Exercise goal — Omit the pictures. Transcribe exactly the lines below, from the one with "China Gold Foil" up to and including the last.

Supplied information —

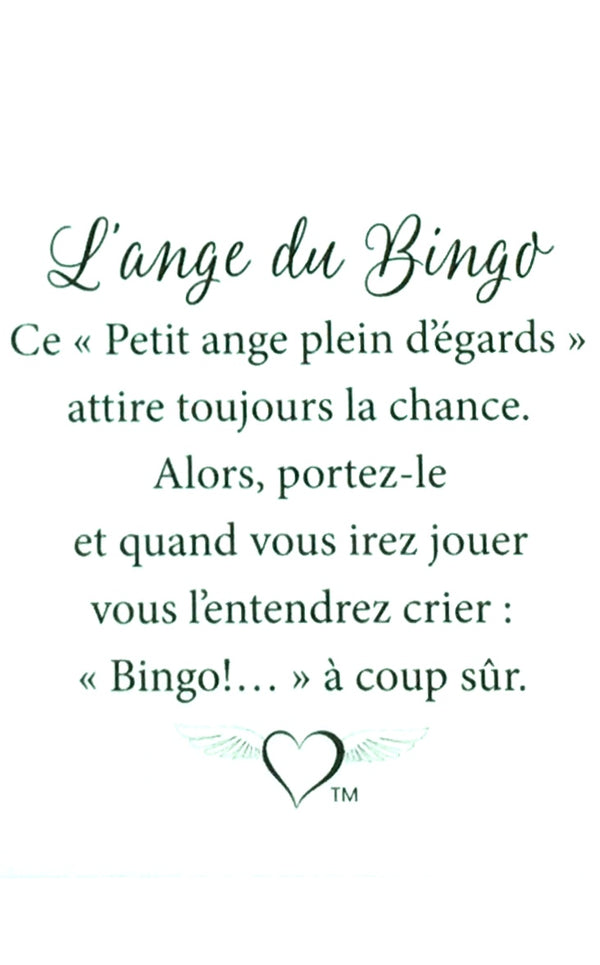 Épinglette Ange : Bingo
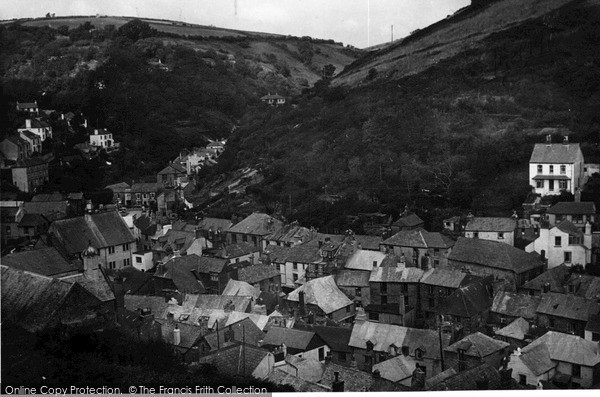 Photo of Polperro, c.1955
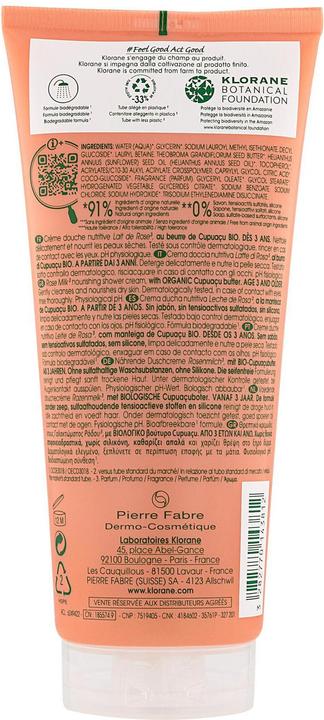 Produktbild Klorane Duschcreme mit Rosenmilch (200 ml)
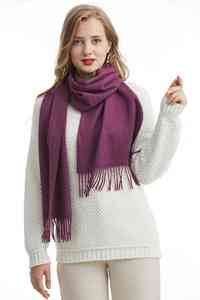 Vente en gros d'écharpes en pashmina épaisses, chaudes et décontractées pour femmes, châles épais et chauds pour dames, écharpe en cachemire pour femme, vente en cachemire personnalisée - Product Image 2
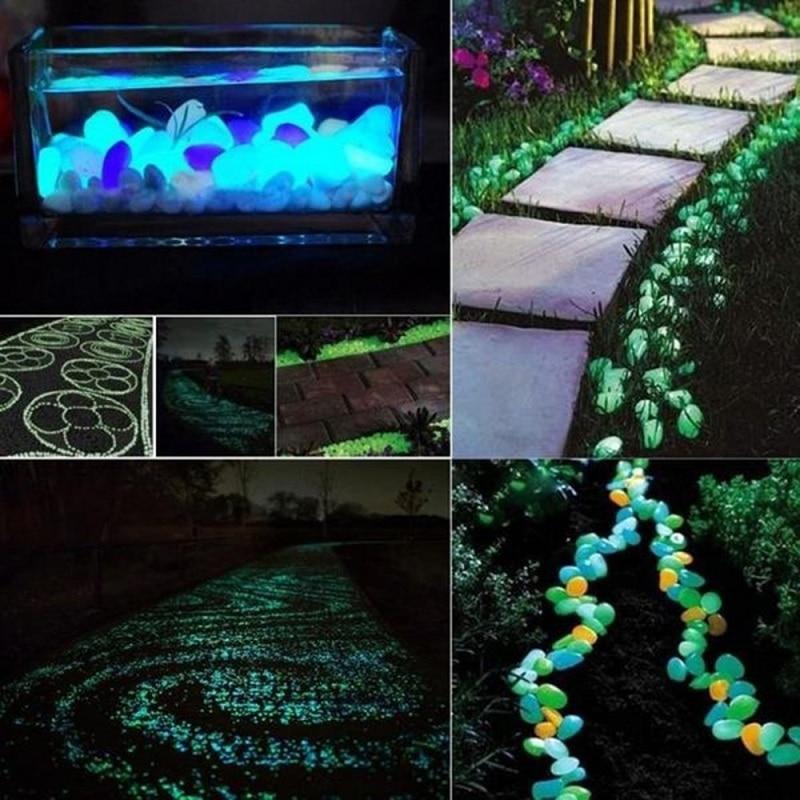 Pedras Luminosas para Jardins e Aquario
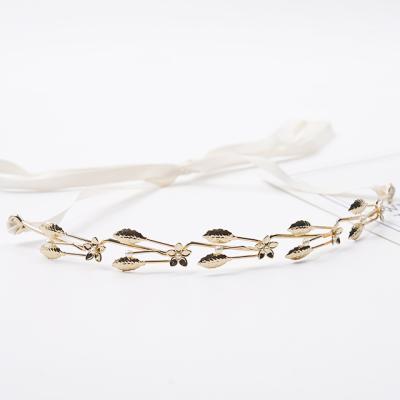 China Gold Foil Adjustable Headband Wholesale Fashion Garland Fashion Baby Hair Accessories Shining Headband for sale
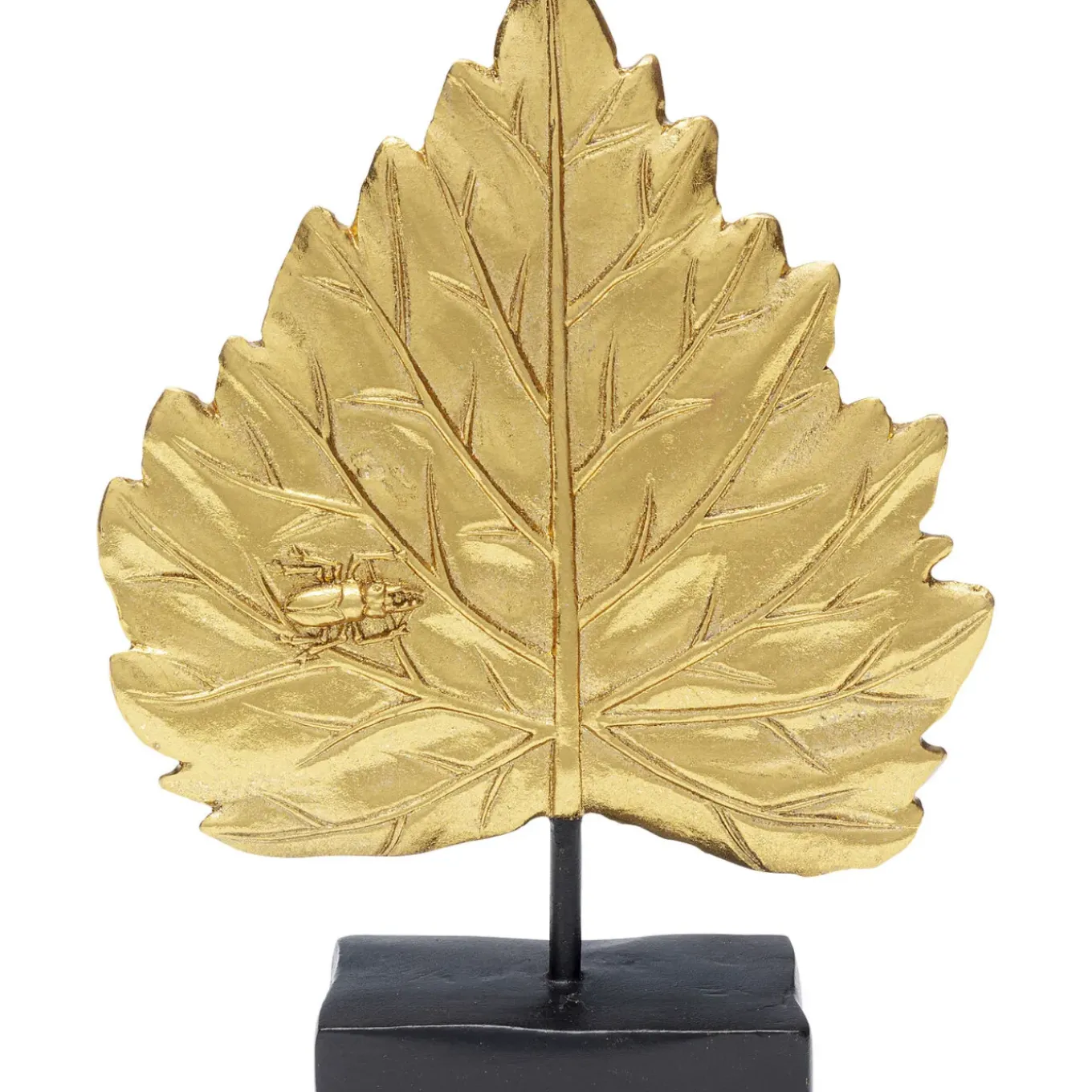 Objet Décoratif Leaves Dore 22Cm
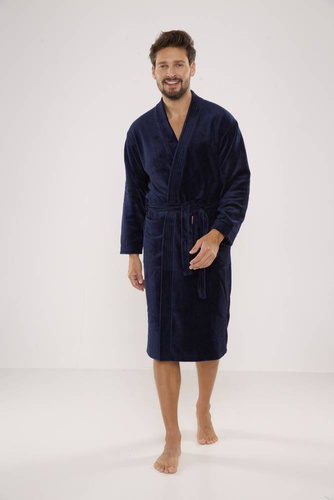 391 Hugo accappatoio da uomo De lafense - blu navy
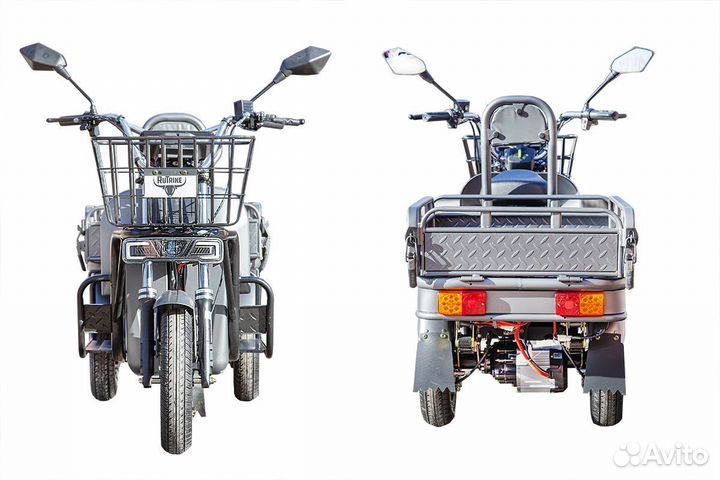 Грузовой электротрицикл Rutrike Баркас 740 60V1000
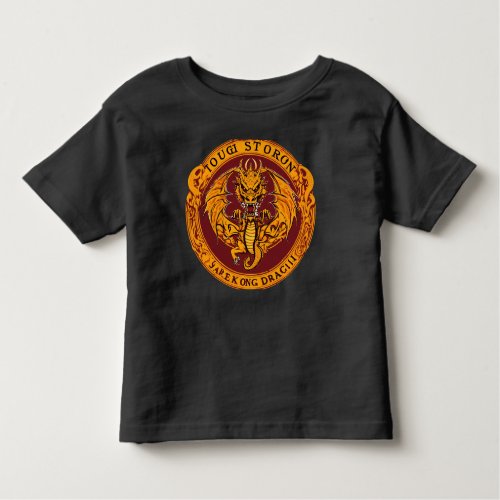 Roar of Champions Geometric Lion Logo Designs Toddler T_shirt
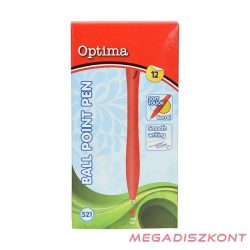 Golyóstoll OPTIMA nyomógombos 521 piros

Result for this exercise —
 China Gold Foil Adjustable Headband Wholesale Fashion Garland Fashion Baby Hair Accessories Shining Headband for sale
 Objet Décoratif Leaves Dore 22Cm
 391 Hugo accappatoio da uomo De lafense - blu navy
 Грузовой электротрицикл Rutrike Баркас 740 60V1000
 Roar of Champions Geometric Lion Logo Designs Toddler T_shirt
 Golyóstoll OPTIMA nyomógombos 521 piros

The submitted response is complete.